* INSTRUCTIONS FOR THE TASK
Among the entries that follow, the required portion opens with the line containing "A. is beautiful B. the most beautiful" and closes with the line containing "13. _nice the weather is!". Give that portion again exactly, and nothing else.

* MATERIALS PROVIDED
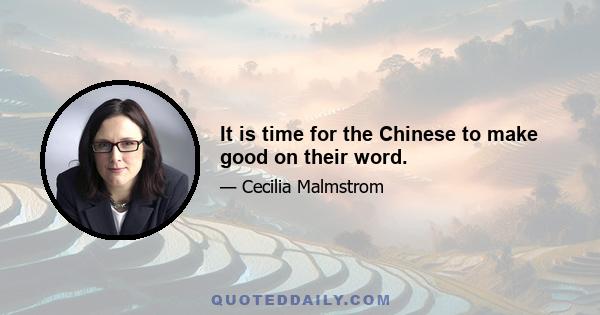 It is time for the Chinese to make good on their word.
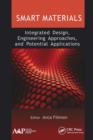 Smart Materials: Integrated Design, Engineering Approaches, and Potential Applications - Book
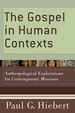 The Gospel in Human Contexts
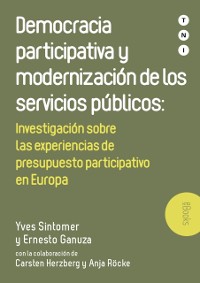 Cover Democracia participativa y modernizacion de los servicios publicos: Investigacion sobre las experiencias de presupuesto participativo en Europa
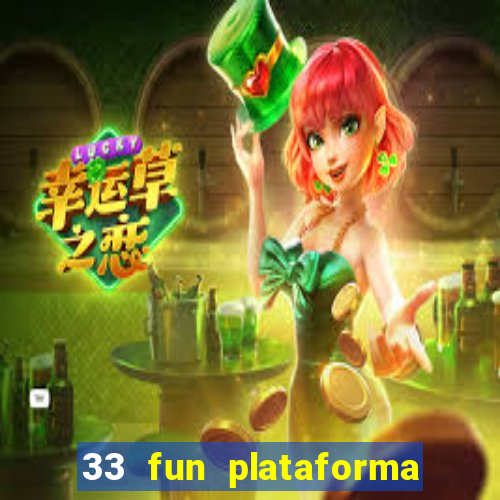 33 fun plataforma de jogos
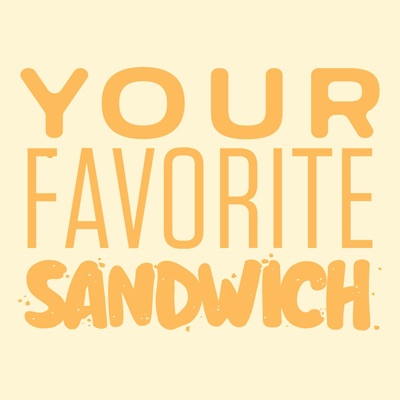 Your Favorite Sandwich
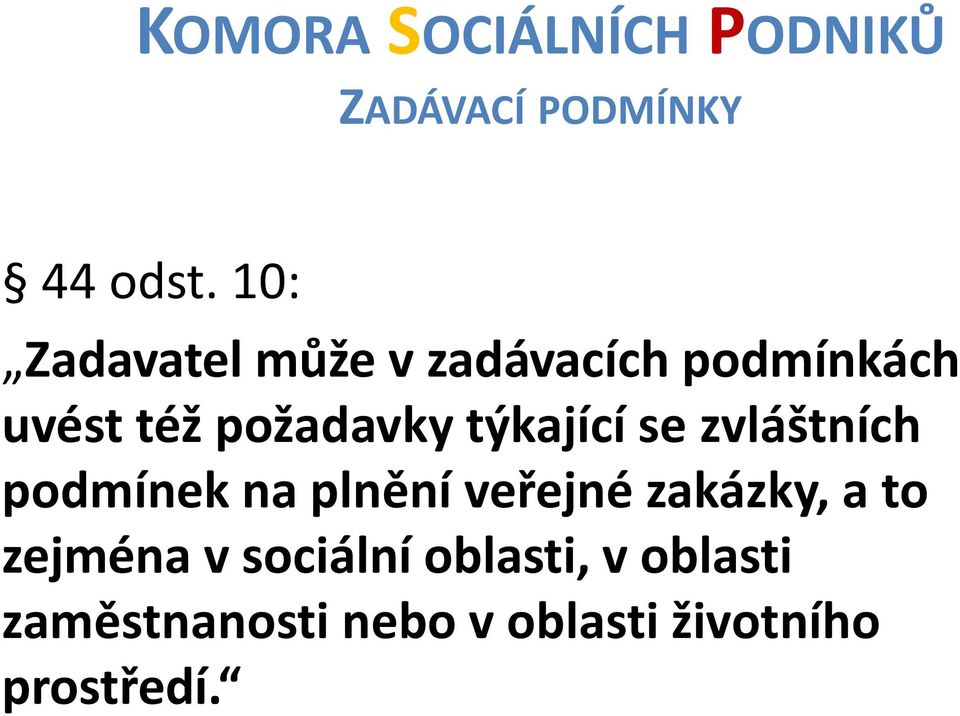 požadavky týkající se zvláštních podmínek na plnění veřejné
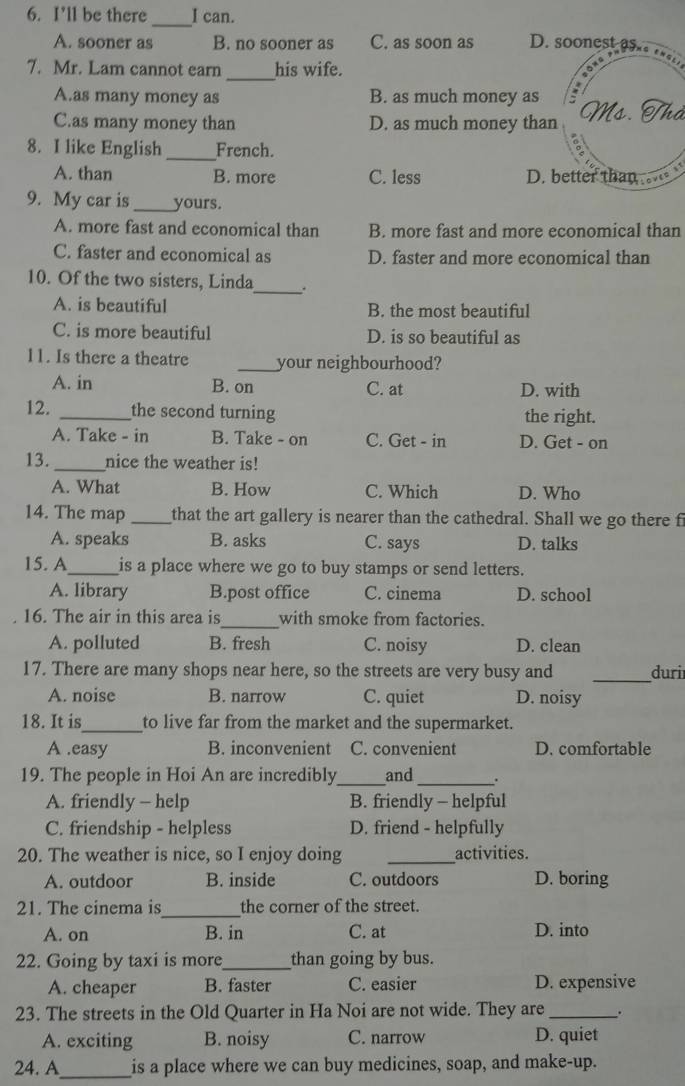 I’ll be there I can.
_
A. sooner as B. no sooner as C. as soon as D. soonest as.
_
7. Mr. Lam cannot earn his wife.
A.as many money as B. as much money as
C.as many money than D. as much money than Ms. Mả
8. I like English _French.
A. than B. more C. less D. better than 
9. My car is _yours.
A. more fast and economical than B. more fast and more economical than
C. faster and economical as D. faster and more economical than
10. Of the two sisters, Linda_ .
A. is beautiful B. the most beautiful
C. is more beautiful D. is so beautiful as
l1. Is there a theatre _your neighbourhood?
A. in B. on C. at D. with
12. _the second turning the right.
A. Take - in B. Take - on C. Get - in D. Get - on
13. _nice the weather is!
A. What B. How C. Which D. Who
14. The map _that the art gallery is nearer than the cathedral. Shall we go there f
A. speaks B. asks C. says D. talks
15. A_ is a place where we go to buy stamps or send letters.
A. library B.post office C. cinema D. school
16. The air in this area is_ with smoke from factories.
A. polluted B. fresh C. noisy D. clean
_
17. There are many shops near here, so the streets are very busy and duri
A. noise B. narrow C. quiet D. noisy
18. It is_ to live far from the market and the supermarket.
A .easy B. inconvenient C. convenient D. comfortable
19. The people in Hoi An are incredibly _and _.
A. friendly - help B. friendly - helpful
C. friendship - helpless D. friend - helpfully
20. The weather is nice, so I enjoy doing _activities.
A. outdoor B. inside C. outdoors D. boring
21. The cinema is_ the corner of the street.
A. on B. in C. at D. into
22. Going by taxi is more_ than going by bus.
A. cheaper B. faster C. easier D. expensive
23. The streets in the Old Quarter in Ha Noi are not wide. They are_ .
A. exciting B. noisy C. narrow D. quiet
24. A_ is a place where we can buy medicines, soap, and make-up.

* ANSWER AREA
A. is beautiful B. the most beautiful
C. is more beautiful D. is so beautiful as
l1. Is there a theatre _your neighbourhood?
A. in B. on C. at D. with
12. _the second turning the right.
A. Take - in B. Take - on C. Get - in D. Get - on
13. _nice the weather is!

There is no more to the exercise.